SURIGAO del Norte Rep. Robert Ace Barbers yesterday called on the Philippine Amusement and Gaming Corporation (Pagcor) to cancel the licenses and shut down the operations of established and planned offshore online gaming hubs in Clark, Pampanga and Kawit, Cavite.
These Philippine Offshore Gaming Operators (POGO) hubs, Barbers said, which reportedly would be used exclusively by Chinese workers, would likely become havens for undesirable aliens and drug trafficking and other crimes like money laundering and illicit operations.

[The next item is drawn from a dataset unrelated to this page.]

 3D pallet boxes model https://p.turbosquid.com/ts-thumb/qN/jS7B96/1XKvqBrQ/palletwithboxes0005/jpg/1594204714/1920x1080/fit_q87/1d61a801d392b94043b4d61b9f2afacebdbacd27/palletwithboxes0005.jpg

“We’ve already seen and heard in the news the intended purpose of these POGOs and their workers, engaging in kidnap for ransom, murder, online fraud, tax fraud, illegal gambling, human traffic, prostitution, and money laundering, among others,” Barbers, the chairman of the House Committee on Dangerous Drugs, said.
“’Di pa ba sapat sa PAGCOR ang mga ebidensya na ito para kanselahin ang lisensya at isara ang mga POGO hubs na ito. Dahil ba sa pera kaya bulag, pipi at bingi sila sa mga nagaganap sa mga POGOs at mga workers nito?” he added.
There had been many issues that were cropping up in the media, such as non-payment of P50 billion in taxes; alleged entry of at least 3,000 China People’s Liberation Army (PLA) troops on ‘immersion mission”; the use of only one BIR Tax Identification Number by 4,000 POGO workers; suspected entry and money laundering of syndicates that brought at least US$160 million; and involvement in various criminal activities.
“With that data in their faces, how could PAGCOR be deaf and blind and still insist they need these POGOs for the possible revenue they could contribute to the government coffers? Are they stupid enough to just let go of these ‘in your face’ transgression to the Filipino people?” he said.
With the granting of license and establishment of more POGO hubs, he said PAGCOR would likely be inviting more trouble for the Filipinos concerning social, labor and national security issues.
Pagcor said under the POGO hub scheme, the operators should “contain” their foreign workers in single location where they can “live, work, and play.”